The 2022 Pulitzer Prizes

Erin Kelly and Salamishah Tillet honored for “searing” and “stylish” writing in biography and criticism

Book cover for Chasing Me to My Grave: An Artist’s Memoir of the Jim Crow South

Chasing Me to My Grave: An Artist’s Memoir of the Jim Crow South

 

For her as-told-to biography of the late artist Winfred Rembert, Chasing Me to My Grave: An Artist’s Memoir of the Jim Crow South, Erin D. Kelly, Ph.D. ’95, was honored with a Pulitzer Prize on Monday (Rembert, who died in 2021, was named posthumously as co-winner of the prize). Writer and scholar Salamishah Tillet, Ph.D. ’07, won for her work as a critic at large for the New York Times

The Pulitzer committee described Chasing Me to My Grave—as “a searing first person illustrated account of an artist’s life during the 1950s and 1960s, in an unreconstructed corner of the Deep South.” Excerpted in Harvard Magazine last fall, it tells the real-life story of Rembert, a self-taught painter born to Georgia field laborers who joined the civil rights movement as a teenager. Kelly, a philosophy professor at Tufts University, first met and interviewed Rembert while working on her 2018 book, The Limits of Blame: Rethinking Punishment and Responsibility. The result of Kelly and Rembert’s subsequent collaboration, the Pulitzer committee said, is “an account of abuse, endurance, imagination, and aesthetic transformation.”

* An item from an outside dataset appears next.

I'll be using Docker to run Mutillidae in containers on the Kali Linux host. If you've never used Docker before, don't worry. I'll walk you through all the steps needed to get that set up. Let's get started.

Tillet is the Henry Rutgers professor of African American studies and creative writing at Rutgers University and founding director of New Arts Justice, an initiative for feminist approaches to public art in Newark. She has been contributing to the New York Times since 2015, where she writes about popular culture, politics, gender, sexuality, and race, which she often examines through the lenses of theater, television, and fashion. Her Pulitzer Prize was awarded “for learned and stylish writing about black stories in art and popular culture,” which the committee lauded for bridging the gap between “academic and non-academic cultural discourse.”

 

6/17/22: This story was updated to reflect the fact that Erin Kelly and the late Winfred Rembert were both awarded a joint Pulitzer Prize. Rembert's was given posthumously.